From the point of view of geodata harmonisation benefits for Protected Areas, results are very promising and show the high relevance and benefits of the Scenario demonstrators in achieving HUMBOLDT objectives, solving specific harmonisation problems, and usefulness and relevance to INSPIRE and GMES communities. In conclusion, it can be said that HUMBOLDT Scenarios, and Protected Areas Scenario among them, provide the proof and the concepts useful for solving a subset of identified harmonisation problems by using the HUMBOLDT Framework to various communities of geodata users, in an easy and accessible way. Also, HUMBOLDT Framework and the Scenario demonstrators have established a foundation for solving other major geospatial data harmonisation problems that were tackled during the lifetime of the project and provides the flexibility of the architecture to adapt and re-use in the context of other harmonisational issues not yet covered during the HUMBOLDT project.

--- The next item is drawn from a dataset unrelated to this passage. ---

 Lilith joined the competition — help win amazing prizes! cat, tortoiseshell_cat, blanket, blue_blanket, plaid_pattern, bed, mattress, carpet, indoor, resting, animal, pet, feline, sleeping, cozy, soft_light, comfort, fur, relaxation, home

An application scenario example in practice: Protected Areas schema alignment
The Scenario is tested in three areas, one between Portugal and Spain, covering the Douro River Natural Park in Portugal and the Arribes del Duero Park in Spain, one covering Protected areas of Community of Castile and León, one of the 17 autonomous communities of Spain, and one in Italy, covering the Beigua Regional Park, in Liguria. An example of harmonisation using HUMBOLDT, and in particular on performing semiautomatic schema mapping and alignment with HUMBOLDT Alignment Editor (HALE) involves the use of the dataset for the Protected Areas in the second site listed above: the Community of Castile and León natural areas, in Spain.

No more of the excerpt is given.